Perl's sorting abilities are remarkably simple to use. In its simplest form, a sort can be done like this:
Listing 9. The default sort()
@new_list = sort @old_list; # sort @old_list alphabetically |
The default sort uses simple string comparisons on all the scalars in the list. This is fine if the list contains dictionary words to be sorted alphabetically, but not so great if the list contains numbers. Why? Because "1" comes before "010" in a string comparison, for example. Numbers have to be compared by value, not as strings.
Fortunately, this is easy to do and is in fact a common Perl idiom:
Listing 10. The numeric sort()
@old_list = (1, 2, 5, 200, '010');
@new_list = sort { $a <=> $b } @old_list; # sort @old_list numerically
|
I quoted 010, because in Perl numbers that begin with 0 are interpreted as octal, so 010 octal would have been 8 decimal. Try it without the quotes and see for yourself. This also demonstrates how Perl scalars are automatically converted to numbers when necessary.
If you run the default sort from Listing 9 on the @old_list in Listing 10, you will see that 200 is before 5, for example. That's what we are trying to avoid.
To reverse the sorted list, you can either apply the reverse() function to the list after it's sorted, or you can change the sorting function. For example, the reverse sort of the one in Listing 10 would have the comparison code block be { $b <=> $a }.

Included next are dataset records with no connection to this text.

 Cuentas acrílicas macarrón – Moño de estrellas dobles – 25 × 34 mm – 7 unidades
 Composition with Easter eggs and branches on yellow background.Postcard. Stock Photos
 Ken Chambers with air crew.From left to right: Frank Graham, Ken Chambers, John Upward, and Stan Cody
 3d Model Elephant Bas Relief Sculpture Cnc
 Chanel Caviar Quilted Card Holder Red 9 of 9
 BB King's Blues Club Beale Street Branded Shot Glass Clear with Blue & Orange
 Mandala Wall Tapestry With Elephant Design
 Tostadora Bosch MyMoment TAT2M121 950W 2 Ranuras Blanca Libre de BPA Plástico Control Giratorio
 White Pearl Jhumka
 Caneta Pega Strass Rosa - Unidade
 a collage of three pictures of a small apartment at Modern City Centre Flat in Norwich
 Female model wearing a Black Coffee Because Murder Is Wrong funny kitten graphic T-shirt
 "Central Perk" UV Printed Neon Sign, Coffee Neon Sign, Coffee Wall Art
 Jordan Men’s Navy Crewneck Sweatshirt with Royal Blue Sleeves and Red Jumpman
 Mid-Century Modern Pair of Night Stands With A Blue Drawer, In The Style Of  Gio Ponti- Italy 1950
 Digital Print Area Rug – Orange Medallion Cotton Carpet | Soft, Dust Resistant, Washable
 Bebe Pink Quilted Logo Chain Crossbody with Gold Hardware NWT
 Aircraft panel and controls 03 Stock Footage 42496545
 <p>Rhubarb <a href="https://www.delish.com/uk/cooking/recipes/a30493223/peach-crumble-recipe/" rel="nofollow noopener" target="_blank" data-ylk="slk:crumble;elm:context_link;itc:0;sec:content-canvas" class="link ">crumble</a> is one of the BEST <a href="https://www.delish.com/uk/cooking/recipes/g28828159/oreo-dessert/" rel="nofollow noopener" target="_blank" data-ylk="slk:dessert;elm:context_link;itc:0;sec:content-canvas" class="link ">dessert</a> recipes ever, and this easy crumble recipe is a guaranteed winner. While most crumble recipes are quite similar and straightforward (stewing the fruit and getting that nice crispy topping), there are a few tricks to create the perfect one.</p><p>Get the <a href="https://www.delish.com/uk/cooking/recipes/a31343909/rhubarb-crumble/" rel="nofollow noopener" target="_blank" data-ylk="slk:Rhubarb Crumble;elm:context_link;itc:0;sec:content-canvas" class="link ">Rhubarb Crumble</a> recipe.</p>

See "perldoc perlop" for more information on the <=>
and cmp operators, which are essential to all sorting in Perl. The cmp operators are what's used in the default search in Listing 9 behind the scenes.
Well, fine, so we can sort scalars. That's not enough -- most sorting is done on data structures such as arrays and hashes. Perl supports almost any kind of sorting because of its flexible syntax. For instance, say we need to sort a bunch of hash references, where the 'name' key in the hash is the sorting field. We want a regular alphabetical sorting order, so the cmp operator should be used:
Listing 11. The sort by a hash member
# create a list with two hash references
@old_list = ( { name => "joe" }, { name => "moe" } );
# sort @old_list by the value of the 'name' key
@new_list = sort { $a->{name} cmp $b->{name} } @old_list;
|
Now we get into the interesting stuff. What if it's expensive to obtain data from the objects being sorted? Say we need to apply the split() function to a string every time we need to obtain the value to sort by. It would be computationally expensive to run a split() every time the comparison value is needed, and your co-workers would laugh at you. You could build a temporary list of the comparison values, but that's not so easy to do and can easily introduce bugs. You are probably better off using the Schwartzian transform, named after Randal Schwartz.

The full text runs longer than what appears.